The changes in the levels of uTWEAK in patients with IgAN during follow-up. (A) Patients with clinical remission (n = 12): the levels of uTWEAK at the time of biopsy (median: 149.2, IQR 113.8–181.8 pg/mgCr) decreased significantly compared with those of therapy-induced clinical remission (median: 53.8, IQR 33.6–88.5 pg/mgCr; P = 0.003). (B) Patients with partial remission (n = 25): the levels of uTWEAK at the time of biopsy (median: 87.3, IQR 67.1–134.3 pg/mgCr) also decreased compared with those of therapy-induced partial remission (median: 58.4, IQR 42.6-81.3 pg/mgCr; P = 0.009).
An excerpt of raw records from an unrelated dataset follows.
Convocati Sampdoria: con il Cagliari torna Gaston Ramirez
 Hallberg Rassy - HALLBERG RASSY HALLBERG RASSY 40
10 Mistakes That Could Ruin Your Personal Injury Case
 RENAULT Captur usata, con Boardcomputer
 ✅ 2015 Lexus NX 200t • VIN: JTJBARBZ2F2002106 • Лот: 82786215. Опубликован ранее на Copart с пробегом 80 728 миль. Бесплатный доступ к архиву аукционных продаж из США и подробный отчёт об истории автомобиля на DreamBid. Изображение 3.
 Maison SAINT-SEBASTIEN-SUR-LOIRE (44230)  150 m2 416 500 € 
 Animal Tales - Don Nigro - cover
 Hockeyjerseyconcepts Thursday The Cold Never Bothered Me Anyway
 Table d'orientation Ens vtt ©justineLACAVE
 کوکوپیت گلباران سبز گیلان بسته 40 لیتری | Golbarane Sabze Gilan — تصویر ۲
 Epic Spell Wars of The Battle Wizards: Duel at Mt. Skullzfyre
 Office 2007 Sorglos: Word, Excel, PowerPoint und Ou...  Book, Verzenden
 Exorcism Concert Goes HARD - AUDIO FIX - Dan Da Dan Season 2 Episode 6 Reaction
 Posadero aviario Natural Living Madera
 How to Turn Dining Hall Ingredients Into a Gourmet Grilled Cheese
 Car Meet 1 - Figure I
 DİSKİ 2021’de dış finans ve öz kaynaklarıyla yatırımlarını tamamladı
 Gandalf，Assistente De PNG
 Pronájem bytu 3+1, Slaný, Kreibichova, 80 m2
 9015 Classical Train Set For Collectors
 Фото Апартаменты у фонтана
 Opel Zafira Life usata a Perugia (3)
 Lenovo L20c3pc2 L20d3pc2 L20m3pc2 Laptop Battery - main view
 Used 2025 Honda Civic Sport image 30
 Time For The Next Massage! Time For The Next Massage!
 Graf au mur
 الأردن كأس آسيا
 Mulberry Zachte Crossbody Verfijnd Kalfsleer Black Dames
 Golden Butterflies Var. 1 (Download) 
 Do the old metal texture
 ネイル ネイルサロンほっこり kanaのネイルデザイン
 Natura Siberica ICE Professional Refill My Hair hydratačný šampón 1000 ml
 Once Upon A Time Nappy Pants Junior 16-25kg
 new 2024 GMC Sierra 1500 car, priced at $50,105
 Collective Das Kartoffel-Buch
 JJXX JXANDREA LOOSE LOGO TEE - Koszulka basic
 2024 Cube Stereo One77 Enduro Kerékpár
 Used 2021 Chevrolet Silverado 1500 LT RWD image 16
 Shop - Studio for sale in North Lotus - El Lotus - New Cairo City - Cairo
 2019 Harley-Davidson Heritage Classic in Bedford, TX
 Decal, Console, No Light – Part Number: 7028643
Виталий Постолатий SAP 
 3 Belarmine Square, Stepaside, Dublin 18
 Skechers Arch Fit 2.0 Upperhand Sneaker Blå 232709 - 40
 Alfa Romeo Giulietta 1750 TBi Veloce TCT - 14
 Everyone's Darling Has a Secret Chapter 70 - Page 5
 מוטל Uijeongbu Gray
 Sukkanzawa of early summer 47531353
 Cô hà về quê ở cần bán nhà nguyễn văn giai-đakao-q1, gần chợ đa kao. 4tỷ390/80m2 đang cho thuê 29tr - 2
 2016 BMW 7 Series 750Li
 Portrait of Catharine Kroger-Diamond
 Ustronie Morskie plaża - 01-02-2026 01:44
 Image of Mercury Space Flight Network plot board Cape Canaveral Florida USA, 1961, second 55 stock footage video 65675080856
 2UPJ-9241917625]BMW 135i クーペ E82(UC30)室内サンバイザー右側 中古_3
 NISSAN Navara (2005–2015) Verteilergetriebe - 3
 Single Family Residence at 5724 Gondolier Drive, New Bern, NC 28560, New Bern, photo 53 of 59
Wilcoxon signed-rank test.

Figure 3

Expression of TWEAK and Fn14 in renal biopsies from IgAN patients was examine. Immunohistochemistry for both TWEAK (A, B) and Fn14 (D, E) were detected in glomerular crescents (the areas delineated by the squares). In the controls [renal biopsies from patients with minimal change disease (C, F)], there was very slight staining for TWEAK and Fn14 in glomeruli, while intense staining was observed in renal tubular cells. Scale bar = 50 μm.

Figure 4

TWEAK actions on renal cells in vitro . (A) TWEAK modulates mesangial cells proliferation. The proliferation of MMC is significantly increased following stimulation with TWEAK (10–1000 ng/ml) for a 24-hour incubation. Data are expressed as mean ± SD of five independent experiments. **P < 0.001 vs. control; *P < 0.05 vs. control. (B) MCP-1 secretion in response to TWEAK stimulation is dose and time dependent. MCP-1 protein levels in TWEAK stimulated MMC supernatants are shown. Data are expressed as mean ± SD of three independent experiments. *P < 0.05, TWEAK at 10, 100 ng/ml vs. control. (C) TWEAK stimulates podocyte motility as evaluated by wound healing assay. After the scraping of the podocyte cell layer, cells have started to migrate into the wound track. The wound closures were significantly enhanced in the presence of TWEAK (100, 1000 ng/ml) at 24 hours. Compared with the control, TWEAK enhanced directed cell migration in differentiated podocytes. Data are expressed as mean ± SD of five independent experiments. *P < 0.05, TWEAK at 100, 1000 ng/ml vs. control 24 hours. Scale bar = 200 μm.